Print the whole listing below exactly as given, pictures excluded.

▶ **Information provided**:
──────────

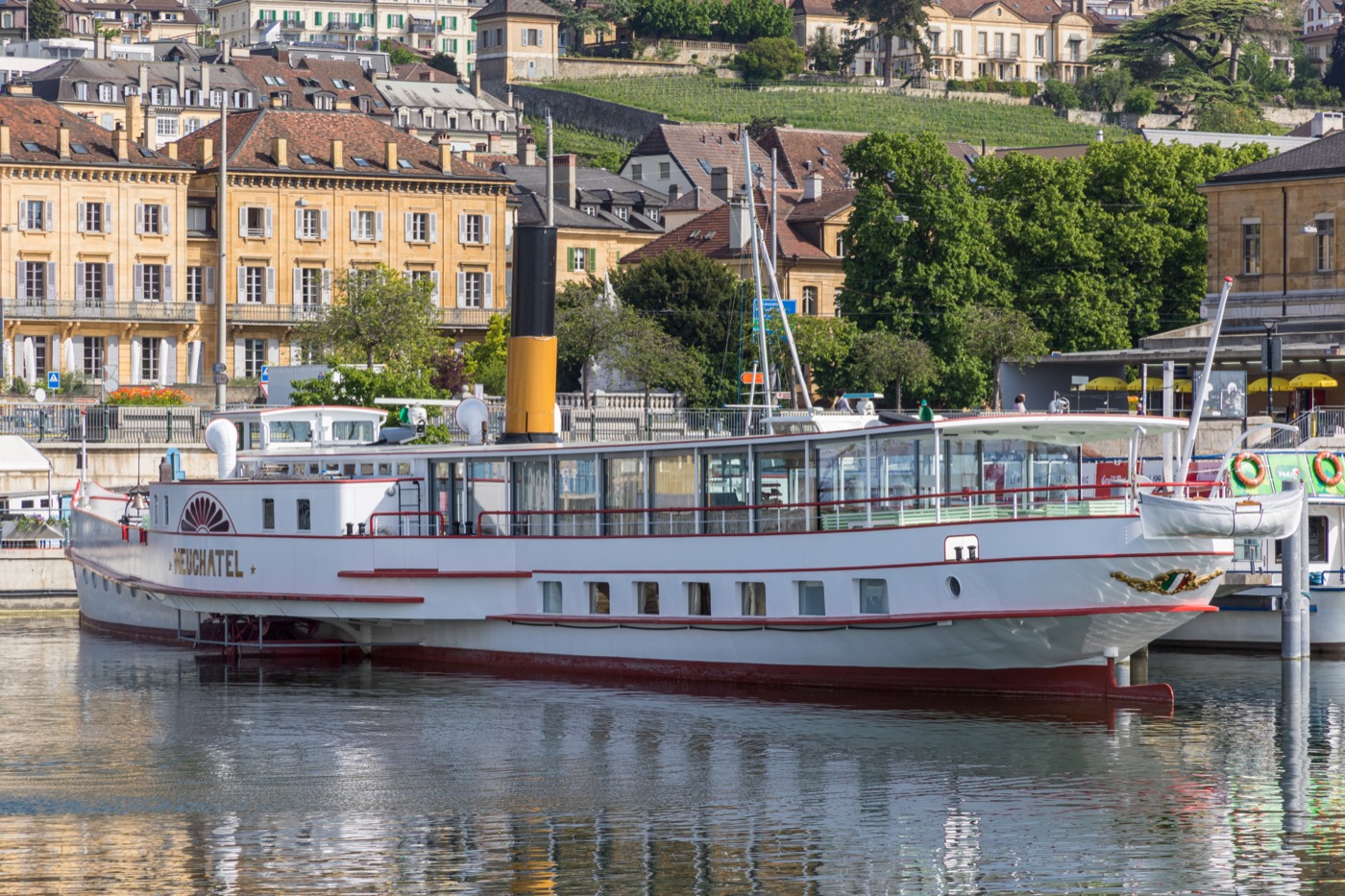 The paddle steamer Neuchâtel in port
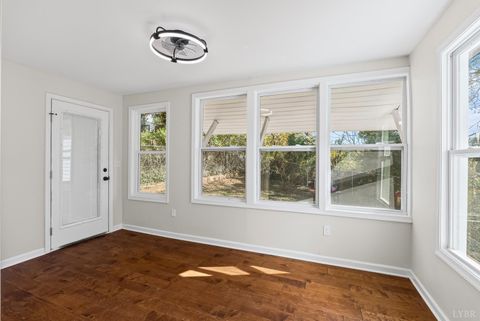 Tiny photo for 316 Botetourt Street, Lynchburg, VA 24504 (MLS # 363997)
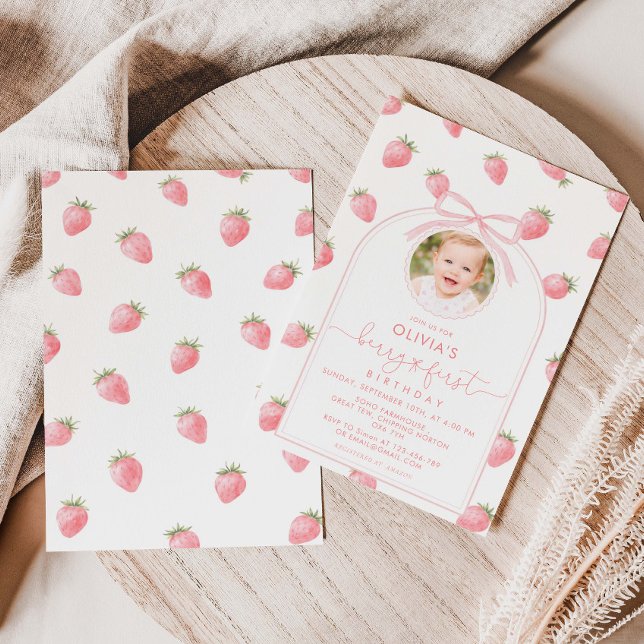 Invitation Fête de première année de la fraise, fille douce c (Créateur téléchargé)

──────────

▶ **Response below**:
 The paddle steamer Neuchâtel in port
 Tiny photo for 316 Botetourt Street, Lynchburg, VA 24504 (MLS # 363997)
 Invitation Fête de première année de la fraise, fille douce c (Créateur téléchargé)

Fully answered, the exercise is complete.